El cielo lloviznaba suavemente, como un delicado velo de lluvia, mientras la gente pasaba con paraguas abiertos y la mirada baja. Pero nadie prestó atención a la mujer vestida con un traje beige que, en medio del cruce, se arrodilló. Su voz temblaba. «Por favor cásate conmigo», susurró, sosteniendo una cajita de terciopelo. ¿El hombre al que le dirigía la propuesta? Llevaba semanas sin afeitar, vestía un abrigo remendado con cinta adhesiva y dormía en un callejón a solo una manzana de la Gran Vía.
Dos semanas antes
Elena Gutiérrez, de 36 años, multimillonaria y directora ejecutiva de una empresa tecnológica, lo tenía todo o al menos eso creía el mundo. Premios de las Fortune-100, portadas de revistas y un ático con vistas al Retiro. Pero tras las paredes de cristal de su oficina, sentía que se ahogaba.
Su hijo de seis años, Lucas, había dejado de hablar desde que su padre un reputado cirujano la abandonó por una modelo y una vida en París. Lucas ya no sonreía. Ni por los dibujos animados, ni por los cachorros, ni siquiera por una tarta de chocolate.
Nada lo alegraba excepto un hombre harapiento que alimentaba a los pájaros frente a su colegio.
Elena lo vio por primera vez cuando llegó tarde a recogerlo. Lucas, callado y reservado, señaló al otro lado de la calle y dijo: «Mamá, ese hombre habla con los pájaros como si fueran su familia».
Elena lo ignoró hasta que lo vio por sí misma. El hombre, de unos cuarenta años, con ojos cálidos bajo la suciedad y una barba desaliñada, desmigajaba pan en la acera mientras murmuraba a las palomas como si fueran viejas amigas. Lucas lo observaba en silencio, con una expresión que no veía en él desde hacía meses.
Desde entonces, Elena llegaba cinco minutos antes cada día solo para presenciar ese momento.
Una tarde, después de una dura reunión de directorio, Elena caminó sola junto al colegio. Allí estaba él, incluso bajo la lluvia, hablando con los pájaros, empapado pero sonriente.

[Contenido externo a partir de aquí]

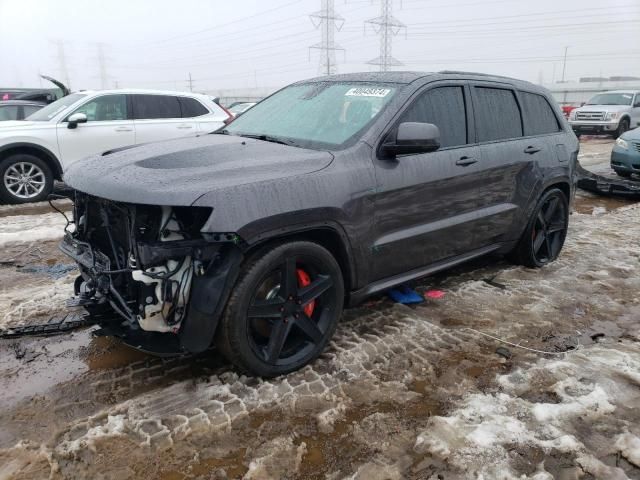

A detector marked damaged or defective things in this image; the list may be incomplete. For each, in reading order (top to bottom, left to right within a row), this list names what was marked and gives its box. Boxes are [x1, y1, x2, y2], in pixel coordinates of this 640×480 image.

front-end collision damage [58, 193, 244, 354]
crumpled hood [64, 132, 336, 205]
damaged jeep grand cherokee [61, 72, 580, 378]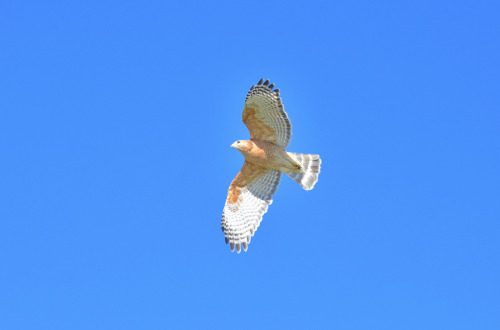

Vaciló, pero finalmente cruzó la calle.
«Perdón», dijo en voz baja. Él alzó la mirada, sus ojos brillaban a pesar de la suciedad. «Soy Elena. Ese niño Lucas se ha encariñado mucho con usted».
Él sonrió. «Lo sé. Habla con los pájaros. Ellos entienden cosas que la gente no».
Elena rio, sin poder evitarlo. «¿Puedo saber su nombre?»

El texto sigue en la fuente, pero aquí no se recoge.